YOUR TASK
Please write out every entry below exactly, leaving out any pictures.

Items listed in a dataset
__________

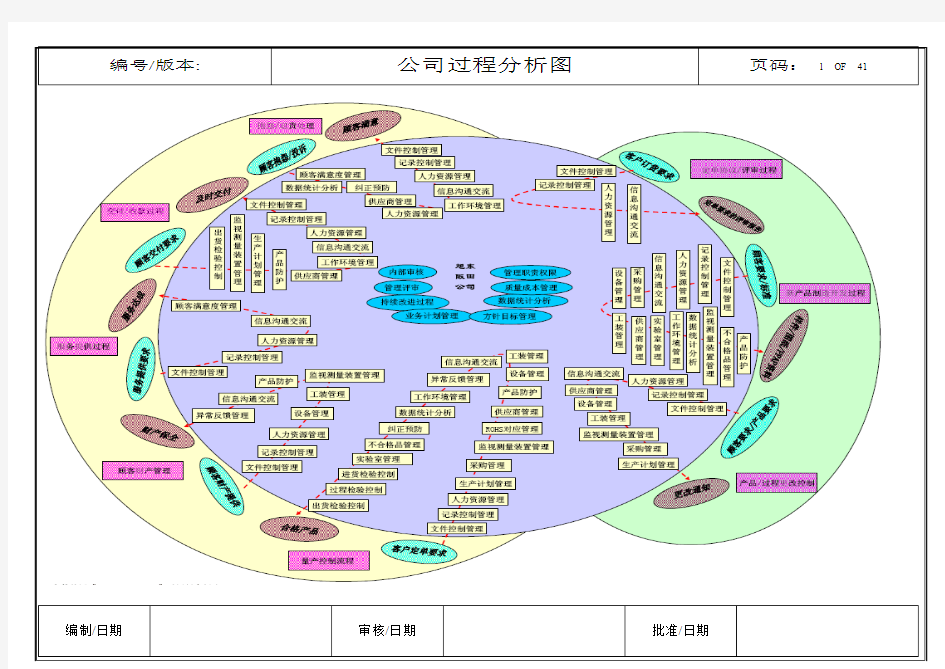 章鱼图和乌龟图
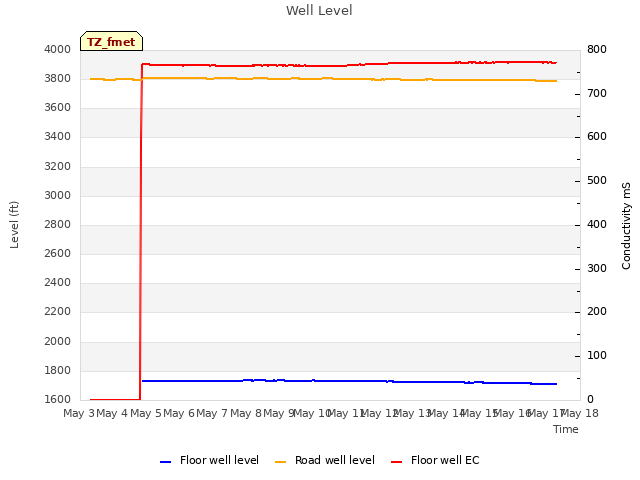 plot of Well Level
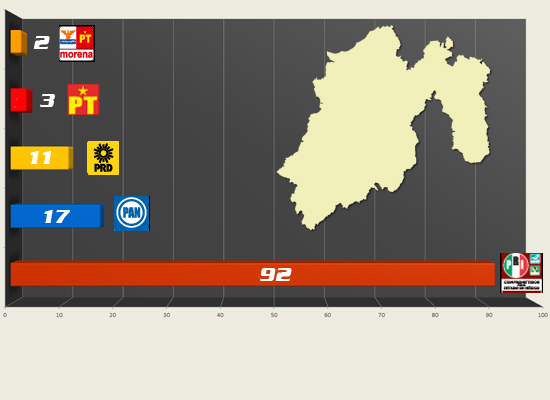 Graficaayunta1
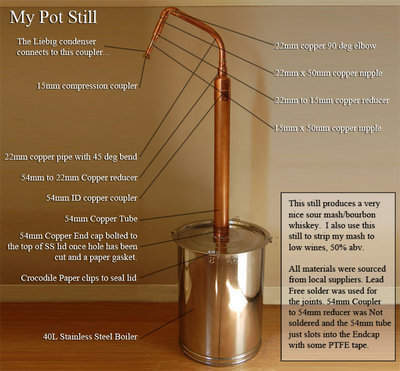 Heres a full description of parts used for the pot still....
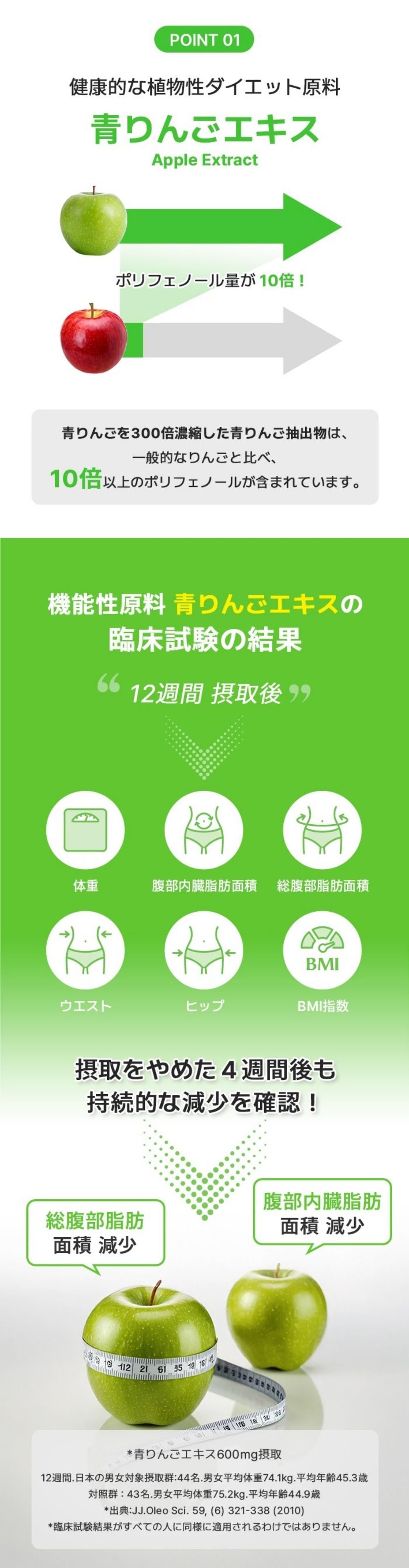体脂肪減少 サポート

__________

OUTPUT FOR THIS TASK
 章鱼图和乌龟图
 plot of Well Level
 Graficaayunta1
 Heres a full description of parts used for the pot still....
体脂肪減少 サポート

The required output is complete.